EXERCISE PROMPT>
When you set down the entries, keep every word exactly as it is but drop the pictures.

[DATASET EXCERPTS Boundary: Start]

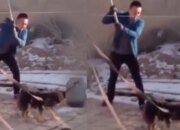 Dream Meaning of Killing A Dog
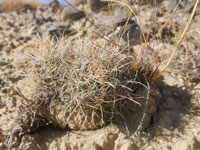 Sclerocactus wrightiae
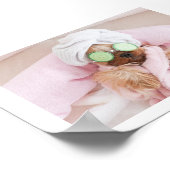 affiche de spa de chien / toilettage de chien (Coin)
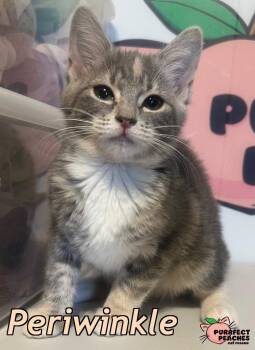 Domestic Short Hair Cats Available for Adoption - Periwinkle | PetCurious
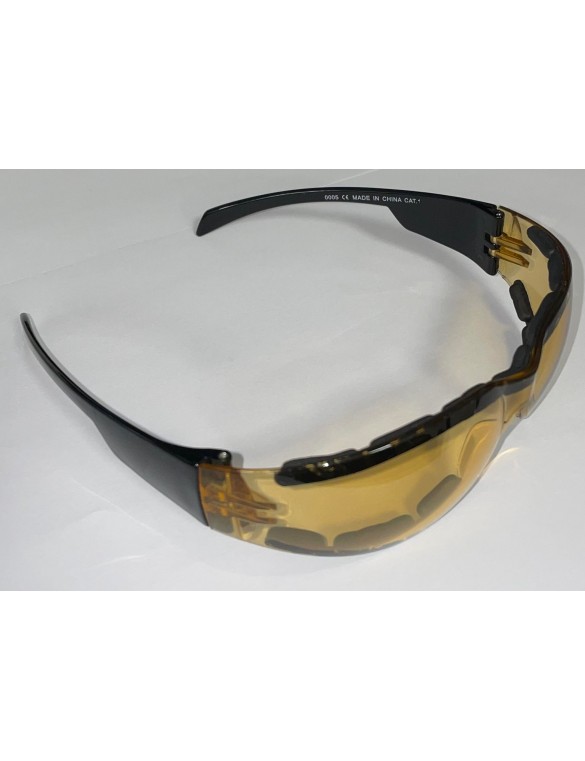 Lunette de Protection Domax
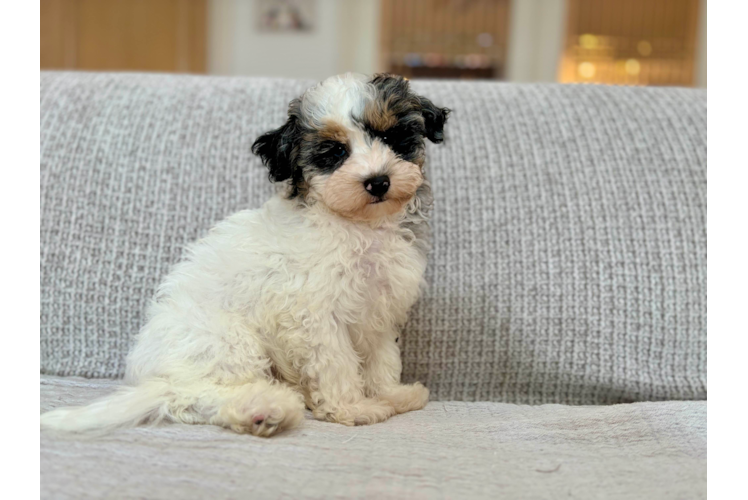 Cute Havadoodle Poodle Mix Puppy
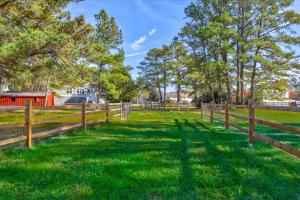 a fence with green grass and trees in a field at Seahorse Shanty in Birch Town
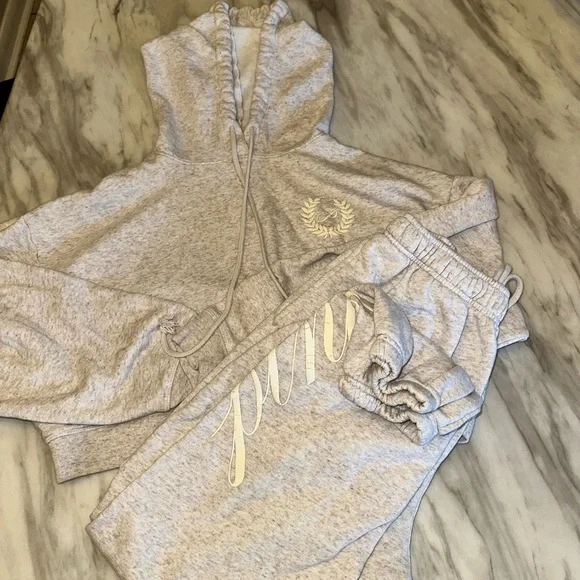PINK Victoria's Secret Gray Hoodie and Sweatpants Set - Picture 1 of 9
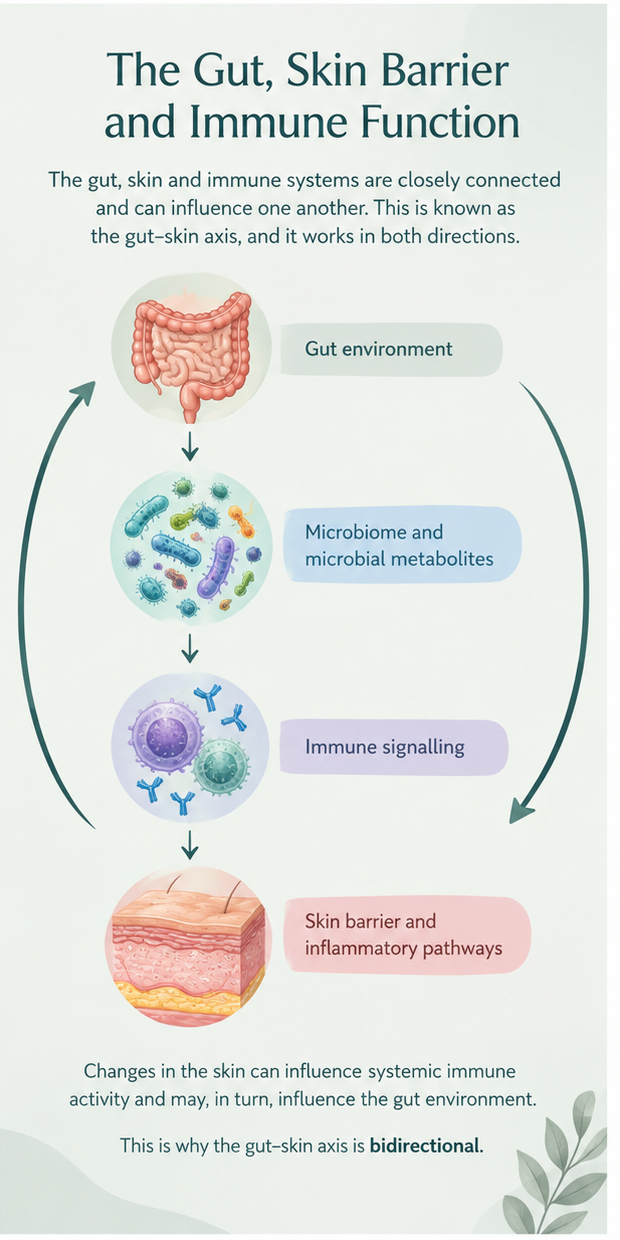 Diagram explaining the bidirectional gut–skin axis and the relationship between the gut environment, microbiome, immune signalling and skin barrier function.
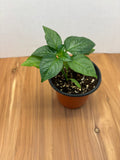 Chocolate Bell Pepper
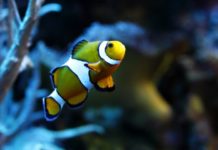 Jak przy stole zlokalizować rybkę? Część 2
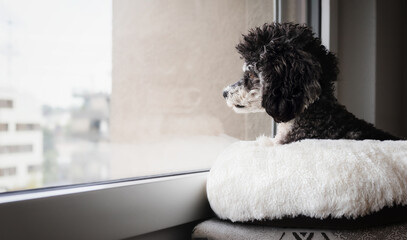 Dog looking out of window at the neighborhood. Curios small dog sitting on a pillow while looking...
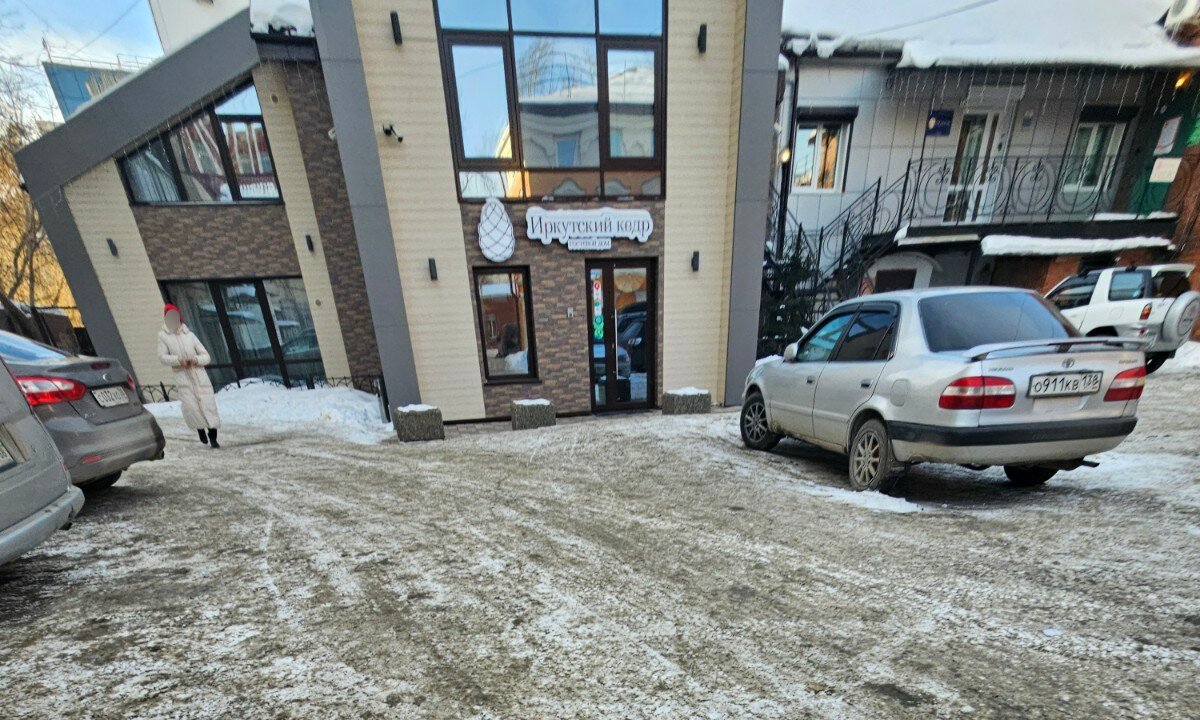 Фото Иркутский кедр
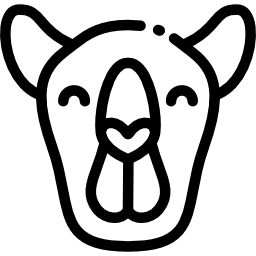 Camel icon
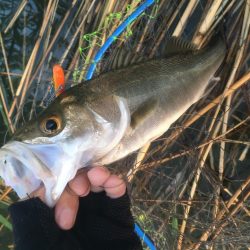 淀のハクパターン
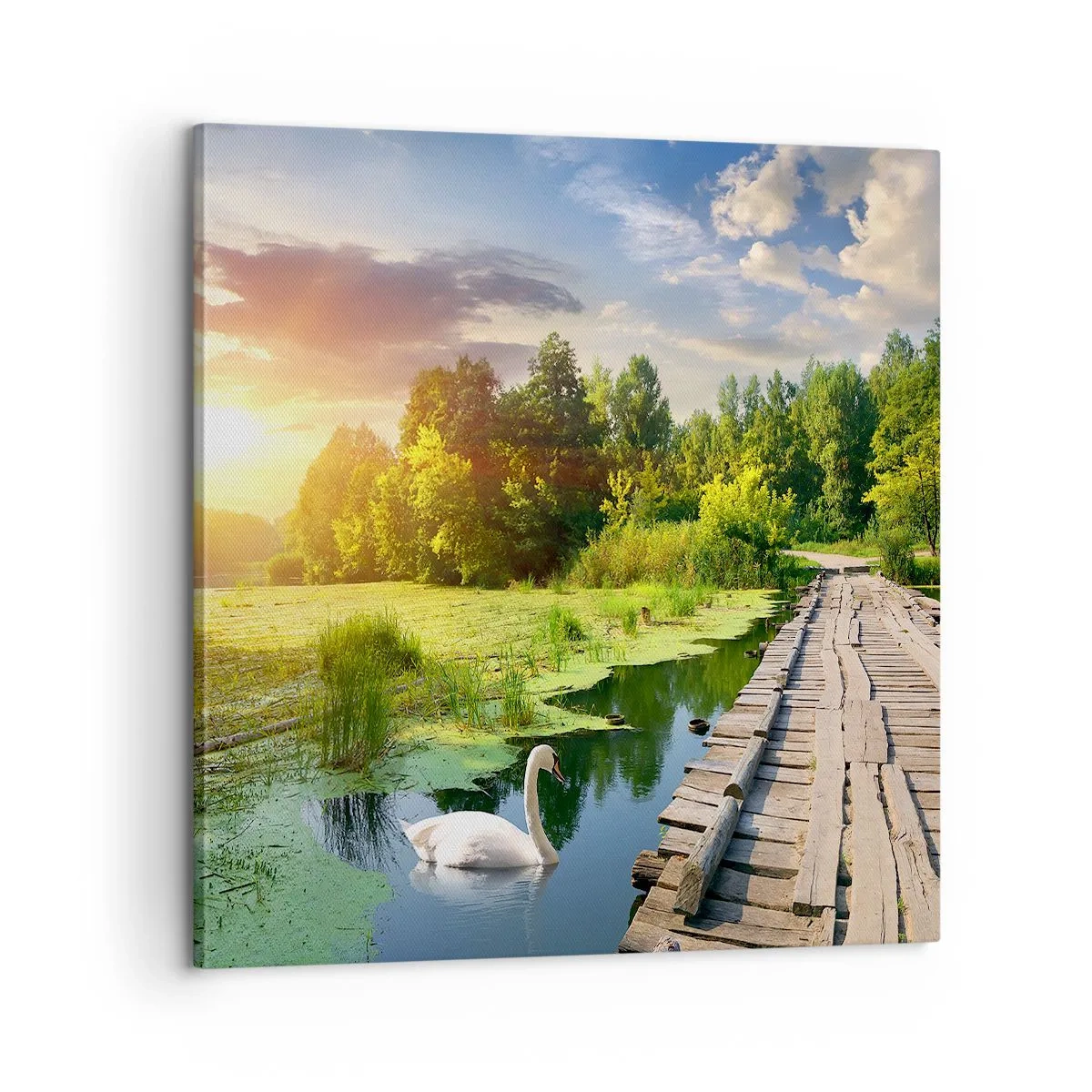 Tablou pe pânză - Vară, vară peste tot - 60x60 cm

[DATASET EXCERPTS Boundary: End]

OUTPUT>
 Dream Meaning of Killing A Dog
 Sclerocactus wrightiae
 affiche de spa de chien / toilettage de chien (Coin)
 Domestic Short Hair Cats Available for Adoption - Periwinkle | PetCurious
 Lunette de Protection Domax
 Cute Havadoodle Poodle Mix Puppy
 a fence with green grass and trees in a field at Seahorse Shanty in Birch Town
PINK Victoria's Secret Gray Hoodie and Sweatpants Set - Picture 1 of 9
 Diagram explaining the bidirectional gut–skin axis and the relationship between the gut environment, microbiome, immune signalling and skin barrier function.
 Chocolate Bell Pepper
 Jak przy stole zlokalizować rybkę? Część 2
 Dog looking out of window at the neighborhood. Curios small dog sitting on a pillow while looking...
 Фото Иркутский кедр
 Camel icon
 淀のハクパターン
 Tablou pe pânză - Vară, vară peste tot - 60x60 cm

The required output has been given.